Prove that $f$ Contains A Fixed Point Using The Intermediate Value Theorem

Question

Use the Intermediate Value Theorem to prove that any continuous function with domain $[0, 1]$ and range a subset of $[0, 1]$ must have a fixed point.

My approach:

I will call this continuous function in question $f$, and define $g(x) = x$.

What I will(attempt to) show is that $f$ will intersect the function $g$ at some point.

Let the range of $f$ be $[r_1, r_2]$ (which is a subset of $[0, 1]$)

Let $g(a) = r_1$ and $g(b) = r_2$ ($a$ and $b$ naturally are in the domain of $f$)

$r_1 \leq f(x) \leq r_2 \Leftrightarrow g(a) \leq f(x) \leq g(b)$ so $f$ must intersect $g$ at some point

So there exists a fixed point of $f$ between $a$ and $b$ or possibly at $a$ and/or $b$.

Please let me know what I'm doing right/wrong.

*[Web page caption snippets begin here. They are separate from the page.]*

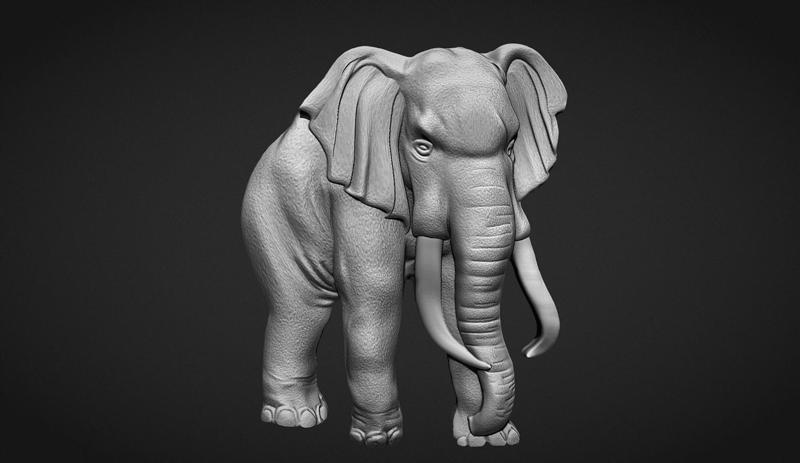 Elephant Bas Relief 3D Model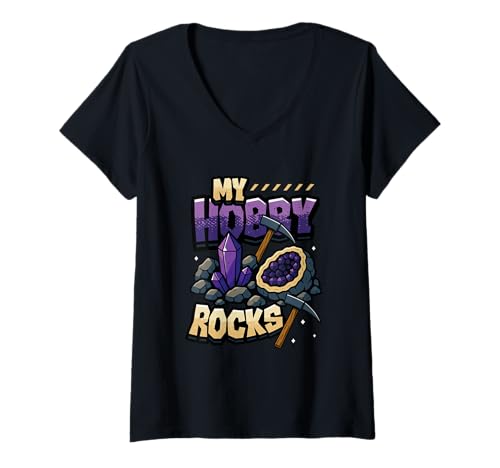 Damen My Hobby Rocks Lustiges Gesteinssammeln | Geologie T-Shirt mit V-Ausschnitt von Rock Collecting Humor Designs for Rockhounds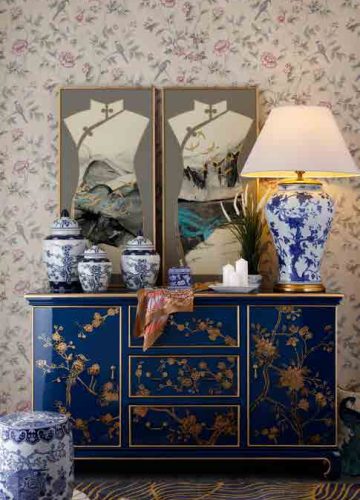 repro hand-painted cabinet 50
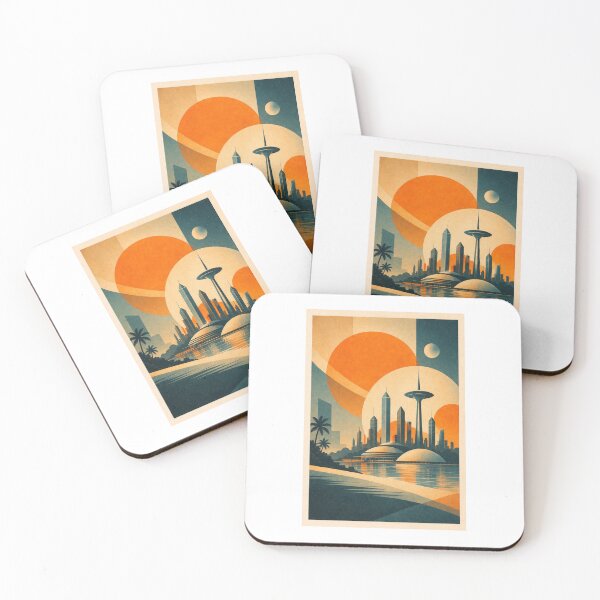 Item preview, Futuristic City Skyline Retro Poster Art designed and sold by LumexStudio.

I'm quite sure this has been discussed before. Anyway, here's the hint: consider $g(x)=f(x)-x$; then $g(0)=f(0)-0$ and $g(1)=f(1)-1$. What can you say about $f(0)-0$ and $f(1)-1$? — egreg, Jul 29 '14 at 11:41
What I gather from that is $f(0) - 0$ is somewhere in the range of $[0, 1]$ and $f(1) - 1$ is somewhere in the range of $[0, -1]$. So that implies that somewhere between $0$ and $1$ $f(x)=x$? — Kermit the Hermit, Jul 29 '14 at 12:10
$f(0)-0\ge0$, while $f(1)-1\le0$. If one of them is zero, you're done, otherwise… — egreg, Jul 29 '14 at 12:34
Yes yes, that's exactly what I understood from your comment. Thanks a lot, egreg, I appreciate your assistance. — Kermit the Hermit, Jul 29 '14 at 12:40
Possible duplicate of Show that a continuous function has a fixed point — Jigao, Dec 16 '18 at 13:19

score 4 · Accepted Answer · answered Jul 29 '14 at 12:55

4

Hint: consider the continuous function $g(x)=f(x)-x$; then \begin{align} g(0)&=f(0)-0\ge0\\ g(1)&=f(1)-1\le0 \end{align} Your task is to argue that there exists $x_0\in[0,1]$ such that $f(x)=x$, or $g(x)=0$.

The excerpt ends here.